Class OrdinalMap

  • All Implemented Interfaces:
    Accountable

    public class OrdinalMap
    extends java.lang.Object
    implements Accountable
    Maps per-segment ordinals to/from global ordinal space, using a compact packed-ints representation.

    NOTE: this is a costly operation, as it must merge sort all terms, and may require non-trivial RAM once done. It's better to operate in segment-private ordinal space instead when possible.

    • Field Detail

      • BASE_RAM_BYTES_USED

        private static final long BASE_RAM_BYTES_USED
      • valueCount

        final long valueCount
      • globalOrdDeltas

        final LongValues globalOrdDeltas
      • segmentToGlobalOrds

        final LongValues[] segmentToGlobalOrds
      • ramBytesUsed

        final long ramBytesUsed
    • Constructor Detail

      • OrdinalMap

        OrdinalMap​(IndexReader.CacheKey owner,
                   TermsEnum[] subs,
                   OrdinalMap.SegmentMap segmentMap,
                   float acceptableOverheadRatio)
            throws java.io.IOException
        Here is how the OrdinalMap encodes the mapping from global ords to local segment ords. Assume we have the following global mapping for a doc values field:
        bar -> 0, cat -> 1, dog -> 2, foo -> 3
        And our index is split into 2 segments with the following local mappings for that same doc values field:
        Segment 0: bar -> 0, foo -> 1
        Segment 1: cat -> 0, dog -> 1
        We will then encode delta between the local and global mapping in a packed 2d array keyed by (segmentIndex, segmentOrd). So the following 2d array will be created by OrdinalMap:
        [[0, 2], [1, 1]]

        The general algorithm for creating an OrdinalMap (skipping over some implementation details and optimizations) is as follows:

        [1] Create and populate a PQ with (TermsEnum, index) tuples where index is the position of the termEnum in an array of termEnum's sorted by descending size. The PQ itself will be ordered by TermsEnum.term()

        [2] We will iterate through every term in the index now. In order to do so, we will start with the first term at the top of the PQ . We keep track of a global ord, and track the difference between the global ord and TermsEnum.ord() in ordDeltas, which maps:
        (segmentIndex, TermsEnum.ord()) -> globalTermOrdinal - TermsEnum.ord()
        We then call BytesRefIterator.next() then update the PQ to iterate (remember the PQ maintains and order based on TermsEnum.term() which changes on the next() calls). If the current term exists in some other segment, the top of the queue will contain that segment. If not, the top of the queue will contain a segment with the next term in the index and the global ord will also be incremented.

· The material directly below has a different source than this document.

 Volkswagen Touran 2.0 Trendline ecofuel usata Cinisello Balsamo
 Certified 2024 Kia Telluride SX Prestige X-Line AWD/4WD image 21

        [3] We use some information gathered in the previous step to perform optimizations on memory usage and building time in the following steps, for more detail on those, look at the code.

        [4] We will then populate segmentToGlobalOrds, which maps (segmentIndex, segmentOrd) -> globalOrd. Using the information we tracked in ordDeltas, we can construct this information relatively easily.

        Parameters:
        owner - For caching purposes
        subs - A TermsEnum[], where each index corresponds to a segment
        segmentMap - Provides two maps, newToOld which lists segments in descending 'weight' order (see OrdinalMap.SegmentMap for more details) and a oldToNew map which maps each original segment index to their position in newToOld
        acceptableOverheadRatio - Acceptable overhead memory usage for some packed data structures
        Throws:
        java.io.IOException - throws IOException
    • Method Detail

      • build

        public static OrdinalMap build​(IndexReader.CacheKey owner,
                                       TermsEnum[] subs,
                                       long[] weights,
                                       float acceptableOverheadRatio)
                                throws java.io.IOException
        Creates an ordinal map that allows mapping ords to/from a merged space from subs.
        Parameters:
        owner - a cache key
        subs - TermsEnums that support TermsEnum.ord(). They need not be dense (e.g. can be FilteredTermsEnums}.
        weights - a weight for each sub. This is ideally correlated with the number of unique terms that each sub introduces compared to the other subs
        Throws:
        java.io.IOException - if an I/O error occurred.
      • getGlobalOrds

        public LongValues getGlobalOrds​(int segmentIndex)
        Given a segment number, return a LongValues instance that maps segment ordinals to global ordinals.
      • getFirstSegmentOrd

        public long getFirstSegmentOrd​(long globalOrd)
        Given global ordinal, returns the ordinal of the first segment which contains this ordinal (the corresponding to the segment return getFirstSegmentNumber(long)).
      • getFirstSegmentNumber

        public int getFirstSegmentNumber​(long globalOrd)
        Given a global ordinal, returns the index of the first segment that contains this term.
      • getValueCount

        public long getValueCount()
        Returns the total number of unique terms in global ord space.
      • ramBytesUsed

        public long ramBytesUsed()
        Description copied from interface: Accountable
        Return the memory usage of this object in bytes. Negative values are illegal.
        Specified by:
        ramBytesUsed in interface Accountable
      • getChildResources

        public java.util.Collection<Accountable> getChildResources()
        Description copied from interface: Accountable
        Returns nested resources of this class. The result should be a point-in-time snapshot (to avoid race conditions).
        Specified by:
        getChildResources in interface Accountable
        See Also:
        Accountables